I recently read one of Dr. Gawande’s earlier books – Better: A Surgeon's Notes on Performance. He shares his lessons learned as a young intern, the struggles encountered as a volunteer dispensing vaccine in India, and his thoughts on accountability. The decisions we make every day impact ourselves and our professions.

My favorite section was the Afterword, entitled Suggestions for becoming a Positive Deviant. Dr. Gawande offers 5 ideas – or challenges – to his fellow doctors on how to be a positive influence on their profession. These challenges can be adopted by every leader, regardless of industry.

Here are five ways we can become positive deviants in the print-mail industry:

Ask an unscripted question. Show interest in your customers and employees beyond the job they requested or the work they perform. Ask about their favorite vacation destination or the last movie they watched. Perhaps you both enjoy books by the same author or crave similar types of dessert. Find a way to connect – as a person.

Don’t complain. Being a leader isn’t always easy. We must always remember that our employees and our customers are looking to us for answers and inspiration. When things go wrong (and they will) that’s an opportunity to listen and to learn. And if you feel frustration building, give yourself a break.

Count something. Good organizations have great metrics – pages printed, envelopes inserted, postage spend and cost-per-piece. Consider what else you should be measuring. How long does it take – to the minute – from the time a job is received to the time it’s handed off to the US Postal Service or delivered to the customer? What’s the ratio of paper purchased to pages printed and volumes recycled? Thinking about and implementing a different metric will provide you new insights that may lead to improvements.
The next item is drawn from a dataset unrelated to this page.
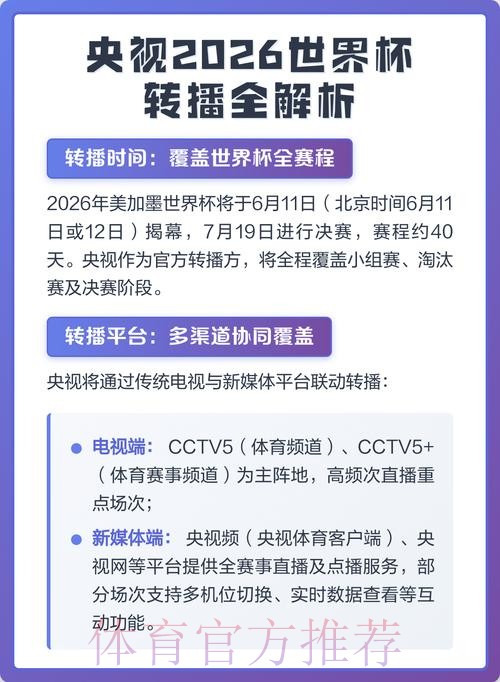 深度解析:2026世界杯直播全攻略 深度解析:2026世界杯直播全攻略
Write something. A vital component of our professional development is consistent reading – trade publications, association newsletters and management books. Just as important is contributing to the volumes of knowledge about the print-mail industry. Additionally, sharing ideas demonstrates a commitment to professionalism. Software tools make it easy to add a blog or newsletter to your website. Magazines and associations are always eager for new content. Your perspective is important, and we all benefit when you publish.

Change. The technological innovations of the last decade have launched a wave of unexpected consequences. Combined with decreases in volumes, corporate mergers and acquisitions, and new sourcing models, the challenge of staying competitive requires innovative approaches to every aspect of the print-mail process. From the way we sell, to how we receive and process files, to print and bindery, to tracking and reporting production information. What we are doing today won’t be sufficient to be successful tomorrow. Resistance is more than futile – it’s fatal.

Leadership in the print-mail industry means more than a title. It means being an example for customers, employees and peers. Follow Dr. Gawande’s prescription and become a positive catalyst for change.